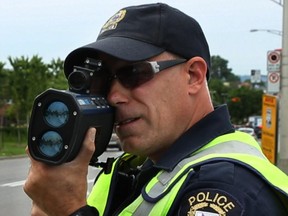 A Laval police officer points his radar gun at oncoming traffic.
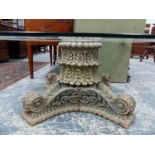 AN ANTIQUE CARVED HARDWOOD PEDESTAL WITH LATER PLATE GLASS TOP.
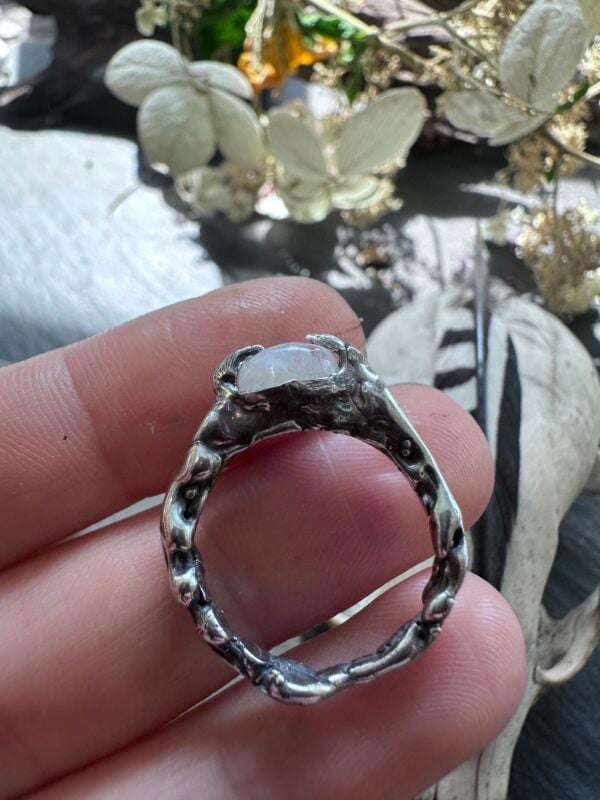 Size 7 rainbow moonstone ring held in hand to show the band and raised claw setting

※ ※ ※

• _Exercise aim_
Skipping all images, print the data above a second time exactly.

• _Your response_
 A Laval police officer points his radar gun at oncoming traffic.
 AN ANTIQUE CARVED HARDWOOD PEDESTAL WITH LATER PLATE GLASS TOP.
 Size 7 rainbow moonstone ring held in hand to show the band and raised claw setting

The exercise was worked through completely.